The failure mode of dystopian fiction, on the other hand, is that it’s too easy to write: wreck everything, kill off most of the people, empty out the streets, and presto! You’ve got a fun setting for mindless games of hunt the monster, evade the mad scientist, fight off the rival gangs, go on a quest for the Designated Valuable Object, et cetera.
When dystopias aren’t thought through, they wind up looking just like all the other standard prepackaged dystopias. This is especially apparent in visual media. Sometimes they don’t even bother to specify the disaster that brought civilization low. All it takes are some broken windows, unrepaired traffic control signs, grass growing in cracks in the asphalt, and a few burnt-out cars along the curbs. It’s a very Sunbelt notion of the ruined city, in which the primary effect of catastrophe isn’t the loss of human life, but rather the loss of automobile traffic.
Somehow these scenarios always seem to result in people in raggedy gray clothes and fingerless gloves sitting around a trashcan fire in a vacant lot. Depending on the production budget, there may be shanties made of recycled materials in the background. There is no logic to it. Those people are surrounded by solid building stock they could fix up and live in. If the buildings are wrecked, they’re surrounded by millions of usable bricks.
The actual underlying logic is that these prepackaged dystopias are lifted straight from images of the Great Depression, when law enforcement and public policy kept the poor and homeless from squatting in disused buildings.

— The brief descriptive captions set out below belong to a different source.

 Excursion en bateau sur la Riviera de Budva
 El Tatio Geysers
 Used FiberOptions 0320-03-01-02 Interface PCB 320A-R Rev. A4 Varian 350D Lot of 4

When the storylines say there’s been a breakdown in government and law enforcement, and especially when there’s been a population crash, they make no sense at all.
One question: does Patrick Brown’s chart show (1.) more dystopian fiction being published; (2.) more Goodreads members learning the word “dystopian”; or (3.) more copywriters using the word “dystopian” in the wake of the commercial success of The Hunger Games, resulting in Goodreads members picking up the adjective from book jackets?
Good Questions Tnh….I think personally think its a new batch of readers getting more educated about whats out there or what there actually reading as a “genre”. I personally have read alot but I guess I have never consciously thought of or assigned the term Dystopian in regards to a book or movie I may have read unless it becomes relevent conversation for the day…
I usually see stories written where both the Utopian/Dystopian are side by side to underscore and point out the striations between the two cultures ( similar to the Movie “In time” (which also had districts Like Hunger Games)
I think the best movies/stories are the ones where they intentionally show a society “thinking” they are a Utopian society but when you peel back the layers its anything but…..such as the DVD movie (which for the life of me I thought should have been a widely released successful movie but wasnt”) “Equilibirum” with Christian Bale….
I agree about the lack origin of where/when this Dystopian actually happened.
I’m a fan of back story myself.,..I like to know somewhat the foundation for why things are they way they are…..not the standard Insert oppressive dicator or goverment here or their wasan uprising of the people which now has been squashed which leads now to an oppressive martial law.
I’m trying to think of a movie that actually pulled a good Dystopian off in explaing the back story….would the Matrix be considered Dystopian? Or are the people in not in squalor enough? Is destitution a pre-requisite for the term Dystopian to be applied? Just seriously wondering.